Wow, this post is getting long, so let’s charge ahead and try to cover some ground. In case you took a break and came back, here’s where we are: we want to group a bunch of tweets by Disney topic, we’ve converted our text into a numerical format, and now we have a dataset with ~10,000 columns of mostly zeros, which is accurate, but bad for analysis. In order to reduce the number columns I have in my dataset, but still contain lots of descriptive information, I used Singular-Value Decomposition (SVD). Basically what this does is it takes all of the information (variability) within the tweets, and kind of distills it down into a smaller number of newly created columns. This process is abstract, heavy in linear algebra, and complicated. What is important to take away is that we can get a lot of the information originally contained in the 10,000 token columns compressed down into just a few dozen new columns, which is great.

We have now created what’s called an LSI space (Latent Semantic Indexing) that can help us determine the usefulness of each new column in separating the tweets into topic groups that have words in common. Unfortunately, because of the ‘distilled’ nature of the new columns, this data is a lot harder to interpret than the straight word counts, so let’s feed these columns to a clustering algorithm. Side note: The new columns will put tweets closer together that have words in common, which is why retweets and bots are bad. If the exact same 20 words appear in identical tweets 15,000 times, then it artificially creates a relationship between those words that confuses the model.

Clustering

I would love to go into the ins and outs of the K-Means unsupervised clustering algorithm, but I won’t, and instead I will just say two things. First off, the algorithm (or model) assigns each data point to a cluster number so that tweets that are textually similar are clustered together, ideally into some sort of logical theme or topic.
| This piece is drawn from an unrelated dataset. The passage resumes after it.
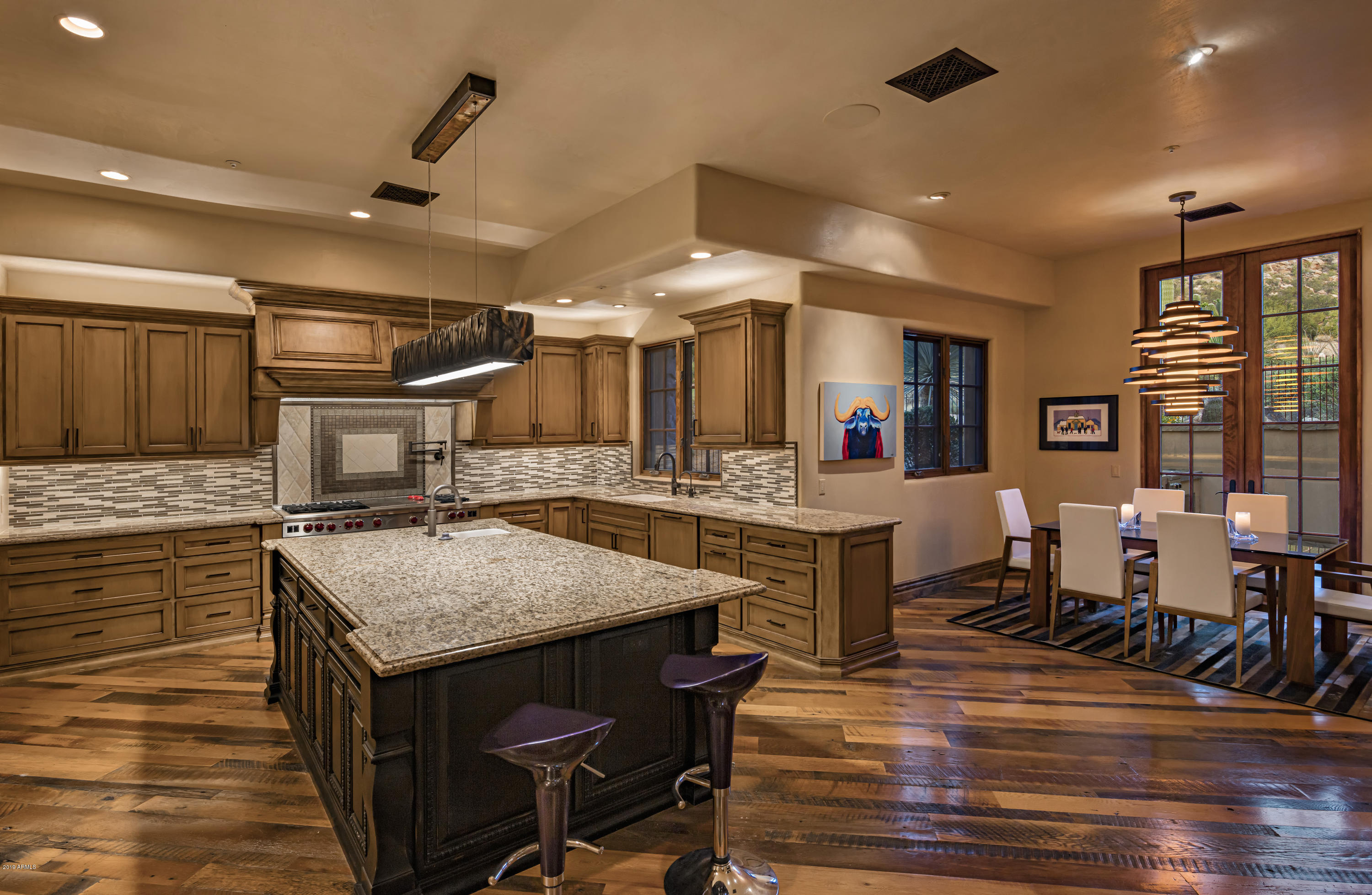 ESTANCIA-PHASE 1 - Residential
Secondly, what makes it unsupervised is that you do not use it to create predictions, then test it against known data, which would be supervised. An example of supervised learning would be to give a model a bunch of information, like day of the week, weather conditions, time of day, etc., and have the model predict whether it thinks a bus will be on time or late. Once you have a prediction, you then compare it to what actually happened and decide if it was right or wrong; pretty straight forward. With an unsupervised model like k-means, I give it a bunch of data, such as vectorized tweets, then the algorithm groups the data points into clusters, but since we don’t know the content of the tweets to see how well the model performed, I need to sift through the tweets for each grouping to see if the clusters follow some useful theme. To cut to the chase, in this case, they did not.

Image by Author

Above is a silhouette plot, which basically shows that the majority of my tweets are in a giant, fairly diffuse cluster (12), while the other clusters are much smaller in comparison. When looking at the tweets contained in each grouping, in some cases there were the makings of clear themes, though there was almost always a lot of overlap between topics and confusion in the signal. In other words, I was not able to pull out a single cluster and trust that it contained all tweets on a specific topic, such as brand, character, movie, etc.

Image by Author

Why Disney tweets are hard to work with

So after a lot of model tuning and trying different things to get my clustering algorithm to produce something really exciting and insightful (shoot me a message and I would be happy to go into all of it in painful detail), there came a time when I had to conclude that the tweets just didn’t want to work with me. That said, I think that there is still something that can be learned, and you may even find it interesting, so let’s dig into a couple of the clusters and see why Disney tweets don’t like to be separated into groups.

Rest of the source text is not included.